Weepy
Am feeling a bit weepy this morning. No, this week.
Maybe it has to do with my Womanly Cycle of All Things Holy And Good. Maybe it has to do with some new medication (!) (I have medication! That a doctor is making me take regularly! This has never happened to me before!). Maybe it has to do with my having to wake before 7am so I can bum a ride to work while my car is getting prettified. Maybe it's the time of year. How convenient that I could blame it on the decreasing amount of light each day and vegetation dying.
But I do know that my pastor mentioned death on Sunday and I almost lost control of my tears. And every single character that I grew to love in my book died last night: the mother, the maid, the husband, the sister.
And I cannot stop thinking how each and every person on this earth with suffer the death of a loved one. We will each look upon the body of someone we once held close, someone who shared our laughter and tears, and instinctively know that whatever semblance of a person, a personality, is no longer present.
Maybe I'm feeling the need to grieve in every human's stead. To grieve for all those who will be forced to grieve. To grieve for the unfairness of our world.
2005

5 Love Notes
I'm having the emotional issues too.. The "happy pill" aren't cutting it anymore. I also blame the weather. Basically I pawning off all the blame on everyone else, I know or will ever know.
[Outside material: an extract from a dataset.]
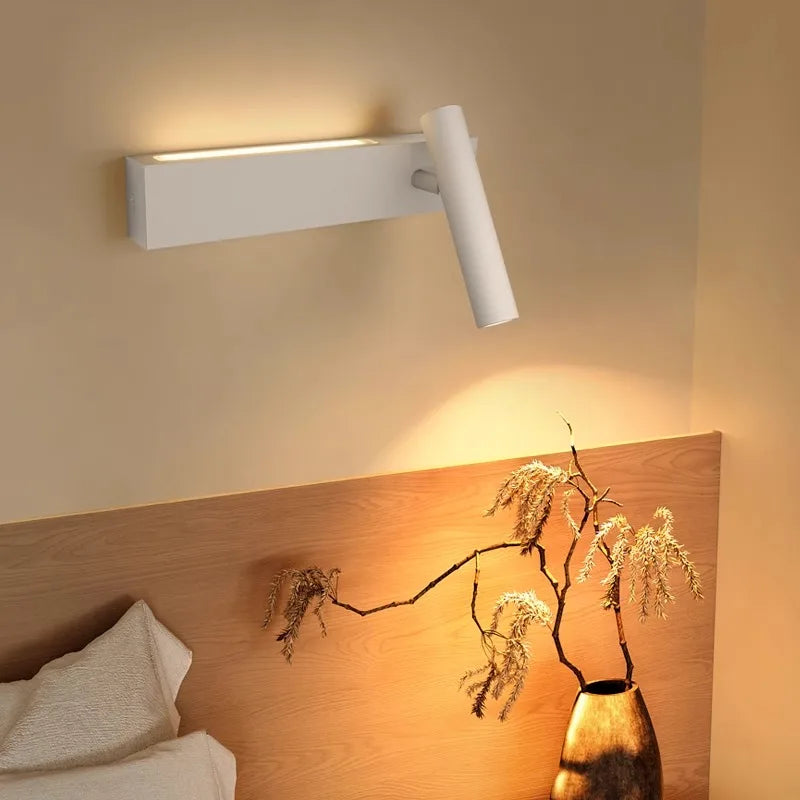 Bedroom Bedside LED Wall Lamp Atmosphere Lamp Modern And Simple Living Room Background Wall Lamp Corridor Wall Spotlight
It's that time of the year when everything dies and it's very hard to get through this season. I love you!
I hate living in a world with the realization of inevitable loss. Just a few years ago I didn't live in that world. Grieve, but don't grieve for the whole world. They can take care of their own damned selves.
You don't need to grieve for everything. Be happy for what you have. I know it's hard sometimes, but life includes death, and sadness, but many good things aswell.
hugs to you...know the feeling...wish there was a magic pill that could take it away...I personally believe it is another stage of life...when your mind finally realizes that you dont have forever here on this planet...dont let it suck you in...the glass is NOT half empty...it is half full...(hopefully of something really yummy that will temporarily make you smile)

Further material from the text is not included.